In 2010, Maine issued 48,825 permits. In 2009, 43,385 permits were issued.

“This year we’ve reduced our amount of any-deer permits pretty severely in order to ensure we’re meeting our population objectives,” he said. “When you manage a species, you need to have a plan in place and you need to do things consistently over time.

“We have a management system for deer, and a methodology for allocating those permits that we do every year based on new data that comes in.”

The data, Kantar said, comes from aerial surveys of deer, harvest numbers from previous hunts and the severity of previous winters.

“If you’re (below) your population objective, you want to build the deer numbers in that district. Therefore, you’re going to reduce the number of any-deer permits,” he said.

The major factor for the decline in population can be traced to the winters of 2008 and 2009, Kantar said.

“Those two consecutive winters were two of the worst winters we’ve had in 60 years,” he said. “It put quite a damper on the deer population.”

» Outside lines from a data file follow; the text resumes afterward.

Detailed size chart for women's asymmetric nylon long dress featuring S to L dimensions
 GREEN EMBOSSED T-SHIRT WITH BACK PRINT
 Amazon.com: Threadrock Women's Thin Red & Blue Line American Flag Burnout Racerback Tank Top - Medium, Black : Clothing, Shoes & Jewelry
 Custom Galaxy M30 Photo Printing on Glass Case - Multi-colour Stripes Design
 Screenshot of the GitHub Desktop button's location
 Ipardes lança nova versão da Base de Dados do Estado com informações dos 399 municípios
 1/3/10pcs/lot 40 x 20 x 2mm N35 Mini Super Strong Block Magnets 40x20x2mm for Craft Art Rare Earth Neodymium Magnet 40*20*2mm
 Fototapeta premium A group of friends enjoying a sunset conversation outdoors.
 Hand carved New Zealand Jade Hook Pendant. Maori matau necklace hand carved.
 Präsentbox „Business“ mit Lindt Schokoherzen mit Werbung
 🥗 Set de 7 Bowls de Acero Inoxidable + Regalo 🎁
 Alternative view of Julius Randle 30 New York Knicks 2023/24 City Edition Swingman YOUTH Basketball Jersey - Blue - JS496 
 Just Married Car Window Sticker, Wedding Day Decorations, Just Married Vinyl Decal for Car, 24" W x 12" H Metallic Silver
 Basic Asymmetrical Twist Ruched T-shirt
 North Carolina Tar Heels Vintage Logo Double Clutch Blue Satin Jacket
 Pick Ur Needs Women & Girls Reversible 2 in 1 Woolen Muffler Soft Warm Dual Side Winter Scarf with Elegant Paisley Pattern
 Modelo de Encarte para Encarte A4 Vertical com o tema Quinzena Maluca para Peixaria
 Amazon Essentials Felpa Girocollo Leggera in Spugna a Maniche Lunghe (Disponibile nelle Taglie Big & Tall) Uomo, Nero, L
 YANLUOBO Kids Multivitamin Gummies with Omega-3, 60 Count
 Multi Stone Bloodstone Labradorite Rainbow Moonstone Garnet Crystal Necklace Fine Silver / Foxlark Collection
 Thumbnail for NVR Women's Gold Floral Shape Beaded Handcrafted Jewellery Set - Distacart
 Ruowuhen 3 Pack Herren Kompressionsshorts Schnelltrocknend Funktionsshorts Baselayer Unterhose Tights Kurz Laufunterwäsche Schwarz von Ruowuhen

The severity of winter is based on two factors. “Snow depth, and how long that snow stays on the ground,” Kantar said. “When it snows — and, for deer it doesn’t need to be a lot — it starts to put an energy squeeze on them. So, if you’re talking 12 to 14 inches of snow, it starts to really tax deer.

“If that lasts more than three months, you’re going to start losing your fawn crop. And your fawn crop is going to be your yearlings in the harvest for next year, and that makes up about 50 percent of the buck harvest.”

Kantar had one word to describe the projected harvest for 2011.

“Low,” he said. “When you add everything up, we think we’re going to fall below 17,00 deer statewide this year.”

In 2010, the statewide harvest was 20,063. In 2009, the harvest was 18,092. A low harvest for 2011 would show the permitting system is working, Kantar said.

“This harvest is going to look low to a lot of people, but it’s being done by design,” he said. “We need to make sure we have a lot of adult does that can continue to produce young.”